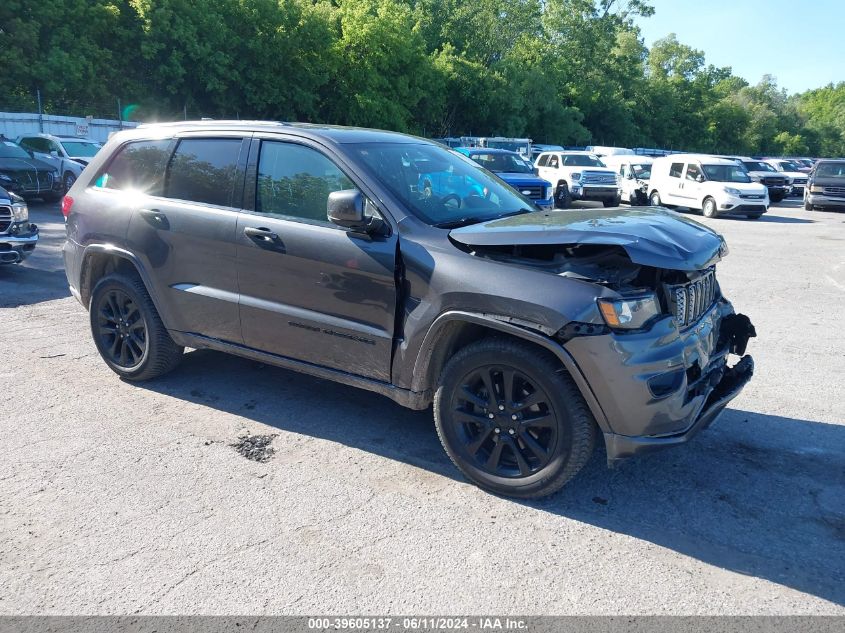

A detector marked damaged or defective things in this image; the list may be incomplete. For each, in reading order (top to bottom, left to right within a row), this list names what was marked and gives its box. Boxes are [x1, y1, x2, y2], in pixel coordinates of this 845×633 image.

crumpled front hood [448, 205, 724, 270]
damaged jeep grand cherokee [62, 122, 756, 498]
broken headlight [596, 292, 664, 330]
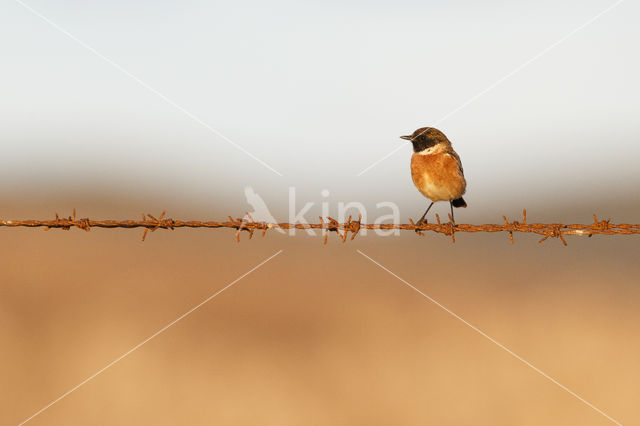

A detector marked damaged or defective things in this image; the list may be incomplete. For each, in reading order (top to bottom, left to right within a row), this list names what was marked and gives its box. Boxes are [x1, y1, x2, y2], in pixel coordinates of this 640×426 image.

rusty barbed wire [1, 208, 640, 245]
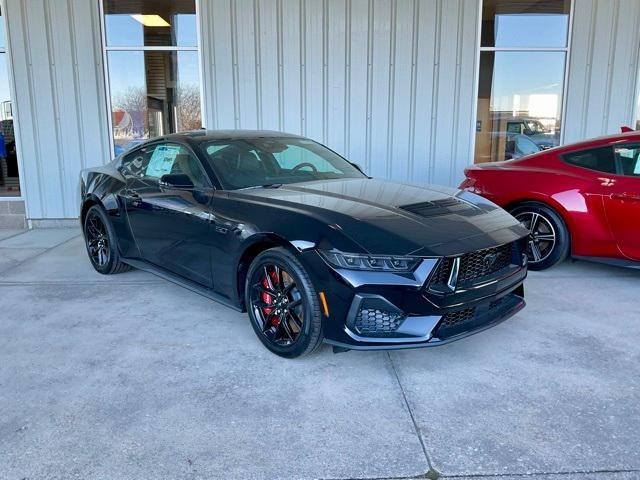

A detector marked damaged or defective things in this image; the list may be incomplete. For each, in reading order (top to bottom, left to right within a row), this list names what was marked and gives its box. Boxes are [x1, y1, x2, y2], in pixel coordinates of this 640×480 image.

pavement crack [384, 348, 440, 480]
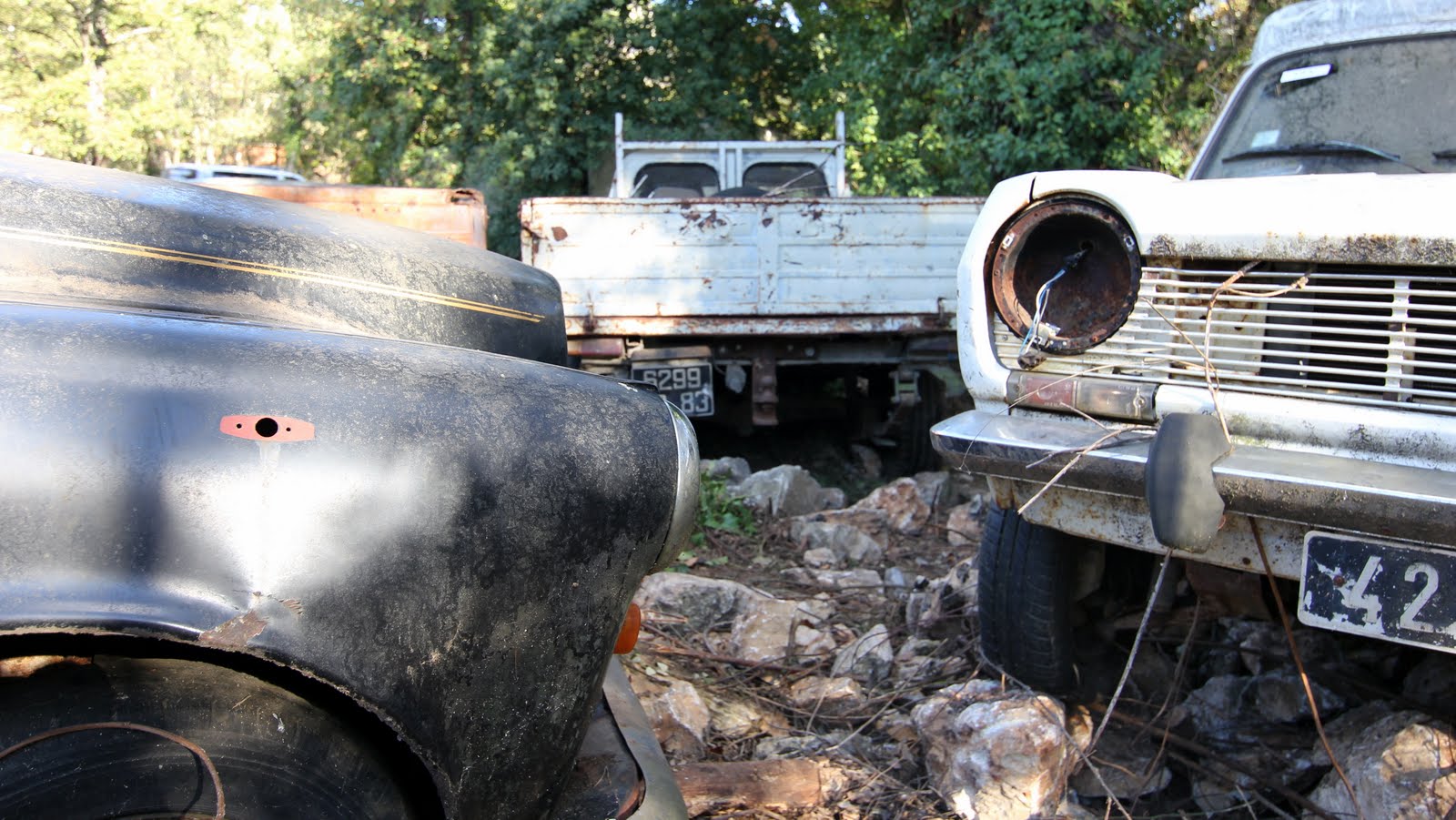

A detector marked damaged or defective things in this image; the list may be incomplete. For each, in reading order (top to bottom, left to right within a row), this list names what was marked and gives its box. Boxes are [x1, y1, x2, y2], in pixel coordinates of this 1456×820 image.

━━━━━━━━━━

◆ **Assigned task**
Copy exactly the lines from the line holding "this 640×480 image." to the final line of the listing, and leave the pictures out.

◆ **Answer section**
A detector marked damaged or defective things in this image; the list may be incomplete. For each, in reading order (top to bottom, left to right within a row), this list names what was marked and gives its box. Boxes are [x1, y1, x2, y2], in pixel coordinates of this 640×480 image.

pavement crack [384, 348, 440, 480]

A detector marked damaged or defective things in this image; the list may be incomplete. For each, in reading order (top to bottom, left to right within a row), this list names what was marked and gives its box. Boxes are [x1, y1, x2, y2], in pixel coordinates of this 1456×820 image.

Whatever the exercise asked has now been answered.